April 23, 2009

Tortured Trilogies

squashed:

complicatedshoes, who is glad we tortured people (or perhaps doesn’t consider waterboarding somebody 180 times in a month torture), writes,

When Han Solo was frozen in carbonite, did Luke say, “Oh well.  Jabba the Hutt is a bad guy but it would be wrong to use deadly force to get my friend back.  I’d rather be known as the kindler, gentler Jedi”?

No.  Because Luke Skywalker was not a pansy.

Who exactly did Luke Skywalker torture? Nobody. He didn’t panic and start lashing out desperately. Because he wasn’t a pansy. He came in cool and collected and cleaned up. He doesn’t provoke. And he understands power. He doesn’t go in and preemptively strike Jabba the Hutt. He even offers to negotiate first. Jabba never stands a chance.
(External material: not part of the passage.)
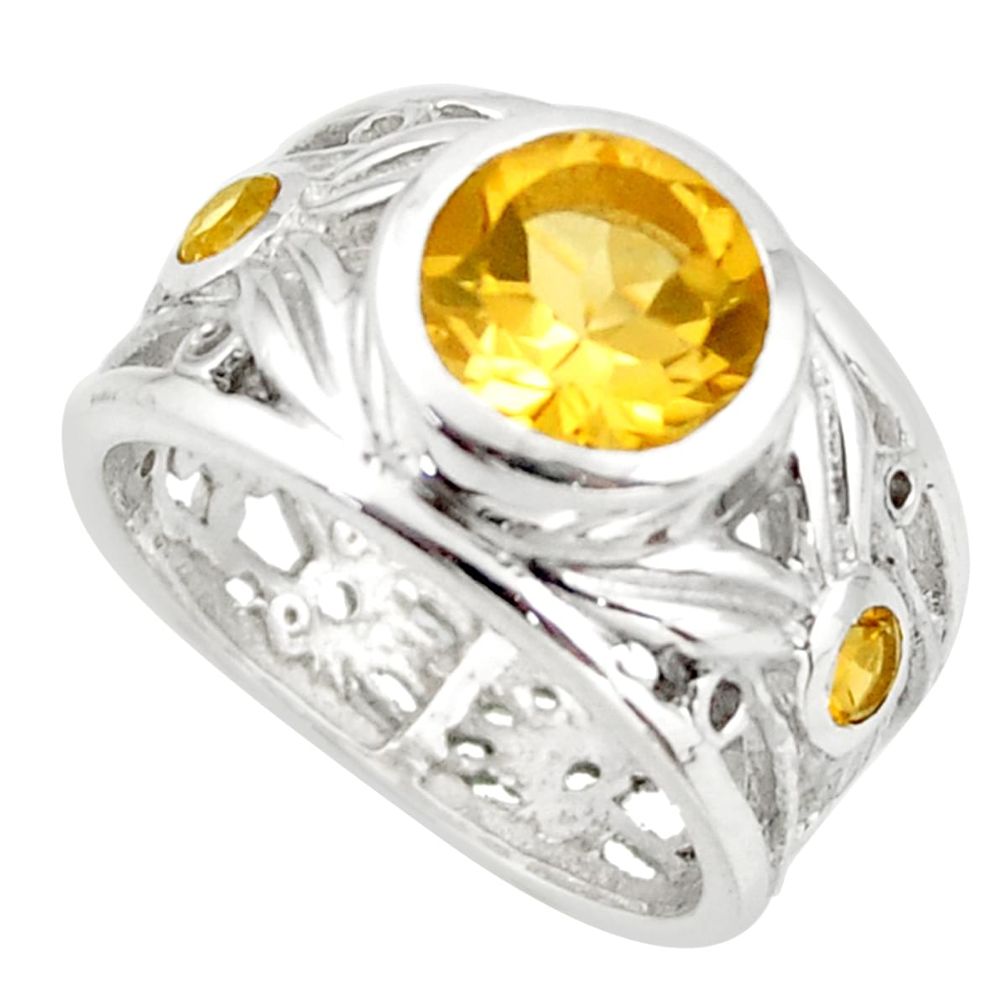 3.16cts natural yellow citrine 925 sterling silver ring jewelry size 5.5 d46367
Contrast that with his father. When his father has some family troubles, he goes ballistic and starts killing people. He decides it’s a dark, terrible world. He becomes so afraid of the death of his loved ones that he ends up sacrificing everything. Including his loved ones. He gets angsty and hurts a lot of people. He ends up encased in a cold dark cell where nobody can see his vulnerable, pansy self. He’s the guy who would do anything in the name of security. He was the embodiment of insecurity.

The torture discussion isn’t about deadly force. It isn’t about whether we take a particular threat seriously or not. It’s about refusing to become the evil that we abhor. It’s about having the humility to recognize our own capacity for evil. And it’s about having the confidence to reject it.

Seriously, if you’re forming a pro-torture argument, Luke Skywalker is probably the worst example you could pick.